One of the most common questions I get asked is “How can I use Power BI in DirectQuery mode on top of a REST API?”. This seems like a reasonable thing to do but almost everyone who tries it will fail, and in this post I will explain why.
To answer this question we first of all have to review the two main ways of working with data in Power BI: Import mode and DirectQuery mode. In Import mode data is cached in Power BI’s own internal database and all the DAX queries that are generated by your reports are answered from there. In DirectQuery mode no data is stored inside Power BI; instead, when a report is run and DAX queries are fired off against your dataset, Power BI in turn generates queries against the data source to get the data needed. Most of the data sources that can be used with DirectQuery mode in Power BI are relational databases and so that means Power BI will generate SQL queries to get data from them, but Power BI can also generate queries in other languages too.
Let’s look at a simple example of how DirectQuery works. Consider the following table called FruitSales in a SQL Server database:
If I build a DirectQuery dataset containing only this table I can create the following Power BI report with a matrix and a slicer:
The SQL query generated by Power BI to get the data for the matrix is this:
SELECT TOP (1000001) [t0].[Colour],SUM( CAST([t0].[Sales] as BIGINT) ) AS [a0] FROM ( ( select [$Table].[Fruit] as [Fruit], [$Table].[Colour] as [Colour], [$Table].[Sales] as [Sales] from [dbo].[FruitSales] as [$Table] ) ) AS [t0] WHERE ( ([t0].[Colour] IN (N'Red',N'Green')) ) GROUP BY [t0].[Colour]

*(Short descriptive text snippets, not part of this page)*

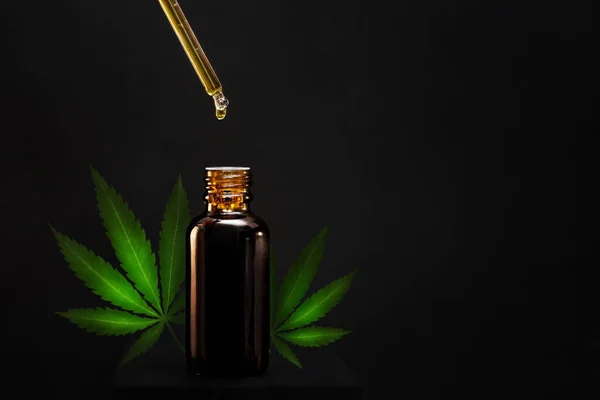 Kenevir yapraklı, siyah zemin üzerinde CBD yağı olan bir damlatıcı..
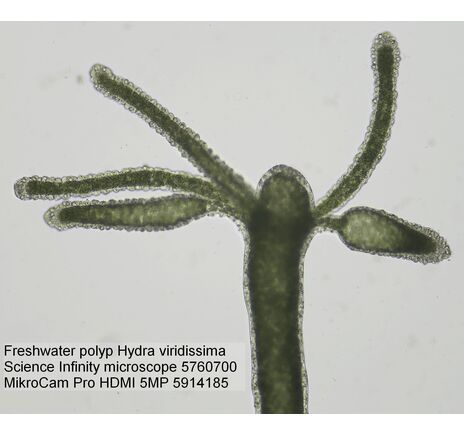 Mikroskopová kamera BRESSER MikroCam PRO HDMI 5 MP, image-3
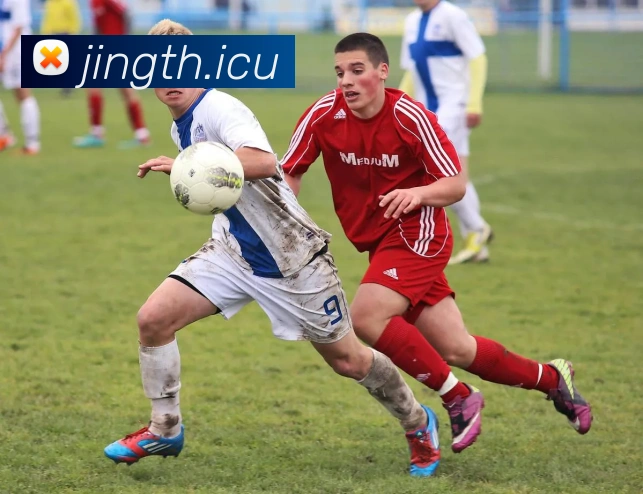 9游会ag官方APP 高清赛事图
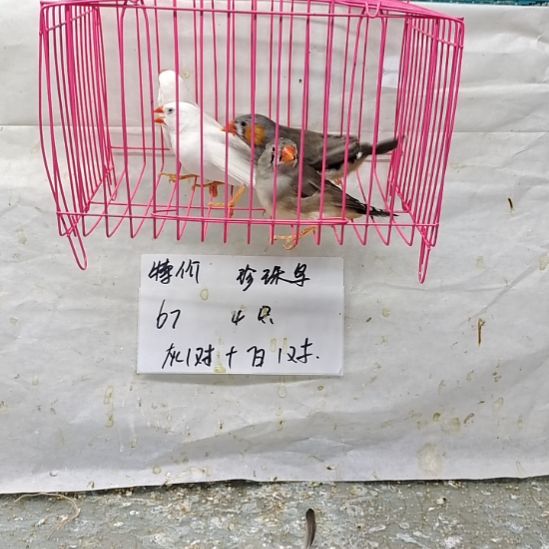 珍珠鸟成年，灰一对+白一对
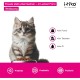 Cat Dental Care | Natural Dental Care Cats Removes Plaque & Provides Fresh Breath | Fights Bad Breath | Effective Tartar Remover for Cats | Alternative to Tartar Spray Cat Dental Care | Natural Dental Care Cats Removes Plaque & Provides Fresh Breath | Fights Bad Breath | Effective Tartar Remover for Cats | Alternative to Tartar Spray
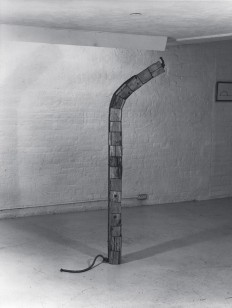 Drooping Column 1975
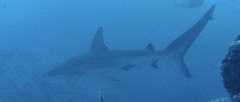 Carcharhinus galapagensis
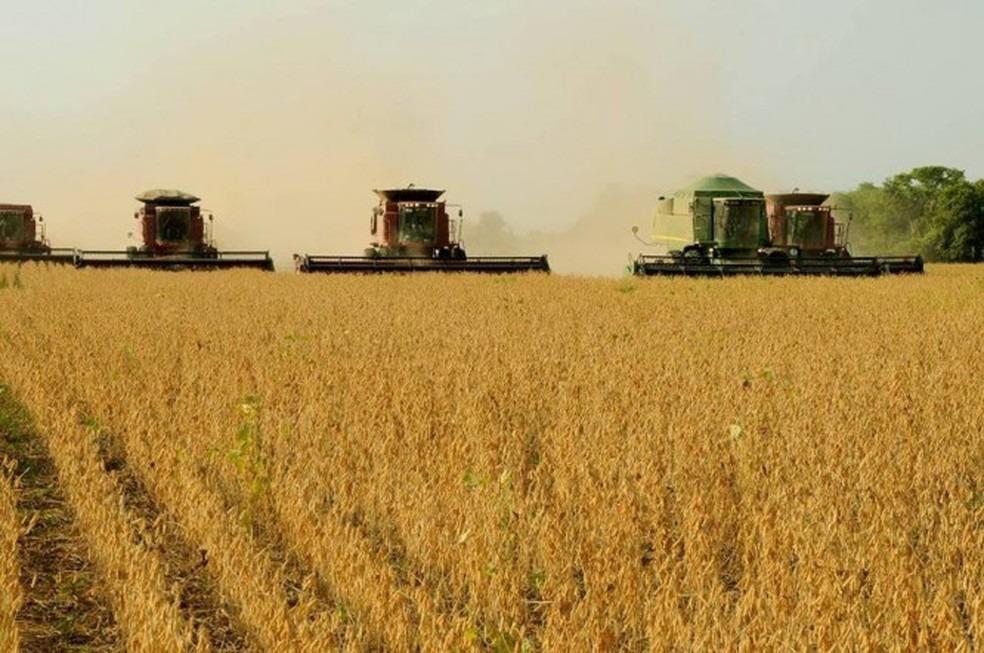 Frente de Entidades do Agronegócio Tocantinense debate questões ambientais em reunião nesta próxima quinta, 1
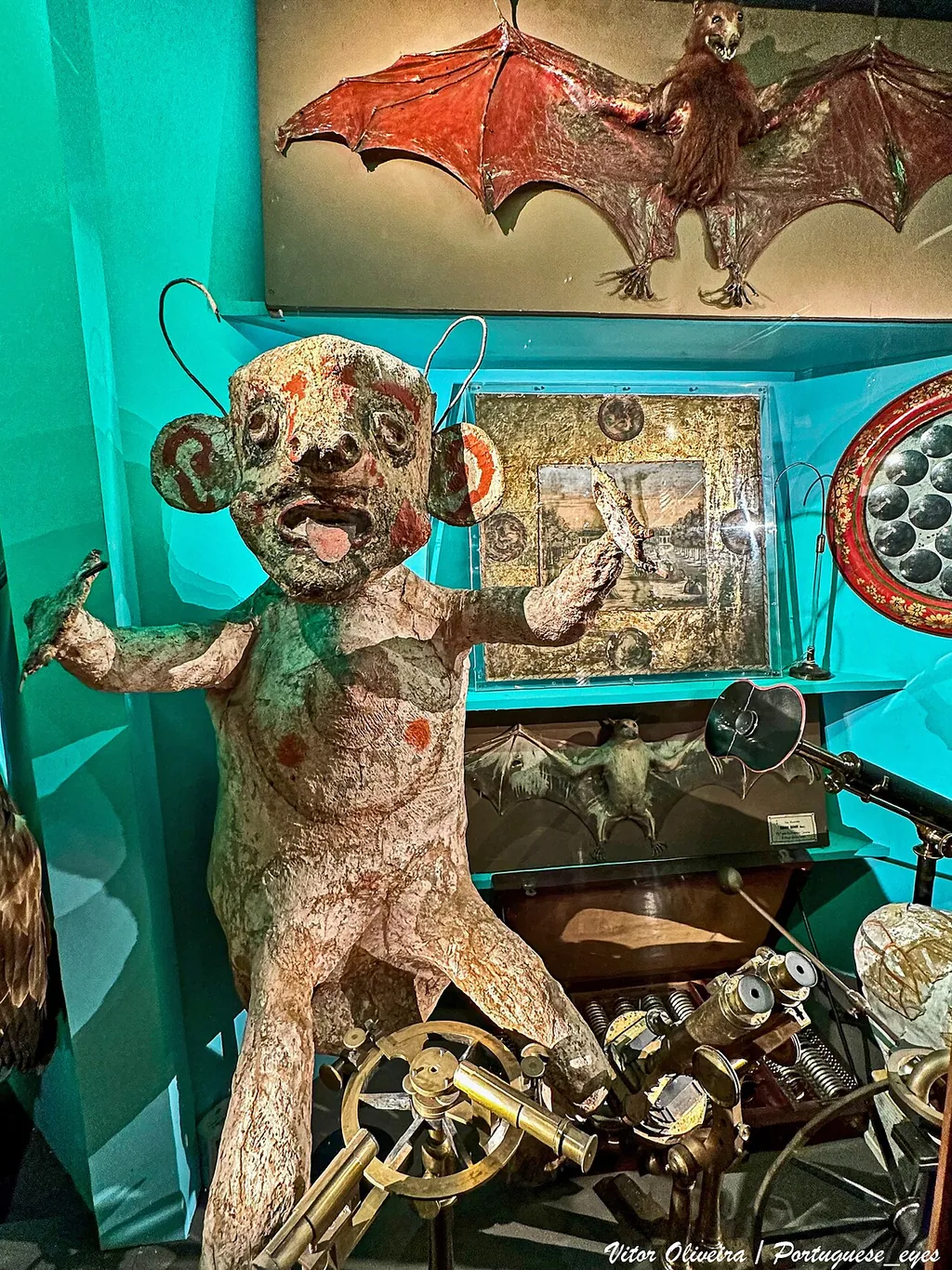 Museu da Ciência da Universidade de Coimbra – Bild 3 von 4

A few things are immediately obvious from this: the query has a WHERE clause to filter the data down to the two colours selected in the slicer and there’s a GROUP BY to get the sum of Sales by Colour. You can see how the results of the SQL query are going to match what is displayed in the report. In more more complex cases – especially when non-trivial DAX calculations are used – a single visual may generate multiple, more sophisticated SQL queries and some calculation work may also be done inside Power BI.
This example illustrates the kind of of operations that Power BI needs to push down to the data source in DirectQuery mode. The question is, then, does your REST API support filtering and aggregating data in the way Power BI wants? If not, then you won’t be able to build a DirectQuery dataset on top of it.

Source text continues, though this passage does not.